В общем, через пару месяцев Макс Браун сумел сделать Вере какие-то документы, и они поженились. А еще через год у них родился сын Александр, и в день его рождения закончилась война. Макс Браун уже хотел везти свою бело-золотую Веру и своего оливково-смуглого Александра в свою Америку, но Вера очень хотела перед этим побывать дома, повидать маму, поплакать над фотографией отца — она уже знала, что он погиб на войне, она уже успела отправить маме письмо с оказией, и от мамы письмо получила — на адрес части Макса Брауна, другого адреса у нее пока не было. Мама писала, как она все время думала о ней, и молилась, и надеялась, что они когда-нибудь свидятся… А в конце — «не приезжай сюда, не приезжай, деточка моя, кровиночка, Христом-Богом умоляю, не приезжай». О том, что бывает на Родине с вернувшимися из немецкого плена, всякие слухи ходили. Но ведь она уже Браун, жена гражданина великой Америки. Русская девочка как-то очень быстро научилась верить всем этим глупостям. Ну, они и поехали — чернокожий Макс, бело-золотая Вера и полугодовалый желтенький Александр, все Брауны. Абсолютно непонятно, как им вообще въезд разрешили. Возможно, в послевоенной неразберихе тот, кому положено замечать, просто не заметил. Или, может, американское посольство помогло, кто теперь узнает… Но Брауны всем семейством за три недели все-таки доехали до села под Тулой, где жила замученная войной, тоской и страхом мама Веры, тридцатидевятилетняя старушка с густой сединой в золотых волосах, бледным, до синевы изможденным лицом, с глубоко запавшими серыми глазами и с тяжелыми, натруженными мужицкими руками. Вера плакала, и мама плакала, и Макс чуть не плакал, с ужасом оглядываясь вокруг. Он уже знал, что мать Веры надо непременно забирать отсюда, здесь жить нельзя, она и не выживет, а Вера изведется от тоски, все время думая о матери… Он был хорошим человеком, этот Макс Браун. Ну вот, используя весь свой запас уже знакомых русских слов, обращаясь к Вере как к переводчице и активно жестикулируя, он и объявил свое решение: они все поедут домой, в Америку, и мама тоже. Все вместе. Они одна семья.
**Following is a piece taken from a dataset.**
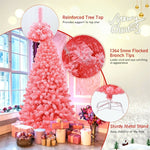 7.5FT Pink Snow Flocked Christmas Tree Hinged Artificial Xmas Tree with 1364 PVC Branch Tips & Folding Metal Stand for Indoor Holiday Decor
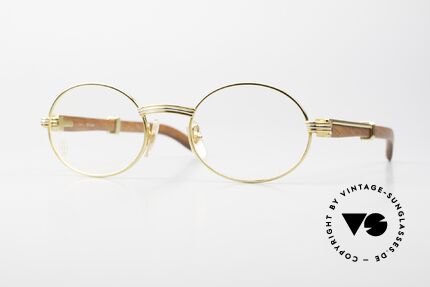 Cartier Giverny Oval Wood Eyeglasses 1990, precious oval CARTIER vintage eyeglasses from 1990, Made for Men and Women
Потом пришли гости — праздновать давнюю свадьбу Веры и недавнее рождение ее сына, все восемь вдов, четыре оставшиеся без сыновей старухи и трое безногих и безруких мужиков — вся деревня собралась в тесной избе под перекошенным потолком, пили мутный вонючий самогон — «За Победу, за товарища Сталина, за Красную Армию», — закусывали вареным бураком, печеной картошкой, серым сухим хлебом, бережно подставляя ладони, чтобы ни одна крошка не упала… Вера жалась к матери, смотрела больными глазами в угол, где в большой корзине на лавке спал Александр, ничего не пила и не ела, сжимала в тонкой розовой ладони обугленную картофелину. Макс достал банку тушенки и банку персикового компота, открыл, поставил на стол. Гости осторожно пробовали по чуточке, качали головой: что ж это мясо просто так изводить, из него можно вон сколько кулеша наварить, на три дня хватит! А сладкое — это детям бы, они уже сколько лет ничего слаще морковки не видали. Да и детям не надо, что ж к хорошему привыкать, потом ведь не отвяжутся: дай сладенького… Макс почти ничего не понимал, сел рядом с Верой, посмотрел вопросительно: он что, сделал что-то не так? Вера потихоньку погладила его коричневую руку своим белым кулачком с зажатой в нем картофелиной, сказала одними губами: «I lоvе you». Вот какое большое, доброе сердце у его маленькой бело-золотой жены. У его матери, толстой черной Эмили Браун, тоже доброе сердце, это все признают. Но когда его отец, длинный черный Сэм Браун, отдал бродяге сандвич, на который села муха, Эмили битый час ругала мужа за расточительность.